Soundradix support does confirm that Mojave will be the last Mac o.s. for 32 Lives support. They did imply they were looking at other solutions for Catalina but no details beyond that.

I wonder if you could still have a pc or Mojave Mac (mini) 32 bit slave machine for non 64 bit instruments ?


----------



## ironbut (Aug 7, 2019)

https://www.pro-tools-expert.com/production-expert-1/2019/7/25/getting-ready-for-macos-catalina-rooting-out-all-your-32-bit-applications?mc_cid=1a935bda4c&mc_eid=127e3a2a73



Article includes a link for a free app that checks for 64 bit compliance of apps and executables.


----------



## Nick Batzdorf (Aug 7, 2019)

ironbut said:


> app that checks for 64 bit compliance of apps and executables.



You can just use About This Mac to find 32-bit programs. It's under Legacy Software - a term that annoys me no end. 

My solution for running 32-bit programs is... wait for it... not to update my main machine to Catalina when it comes out. If I need to run something that requires it, it'll be on another computer.



Peaky Blinder said:


> I wonder if you could still have a pc or Mojave Mac (mini) 32 bit slave machine for non 64 bit instruments ?

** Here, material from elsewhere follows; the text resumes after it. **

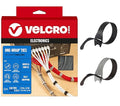 VELCRO Brand 150pk Cable Ties Value Pack | Replace Zip Ties with Reusable Straps, Reduce Waste | For Wire Management and Cord Organizer | 8 x 1/2" Thin Pre-Cut Design, Black and Gray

Of course. That's what I do with a Windows 7/Vienna Ensemble Pro machine now.


----------



## storyteller (Aug 7, 2019)

My old and trusty B4II by Native Instruments may finally reach its actual EOL. Sad.  Maybe Reaper's 32bit/64bit converter will still work. That's what I've been using so far.


----------



## Nick Batzdorf (Aug 7, 2019)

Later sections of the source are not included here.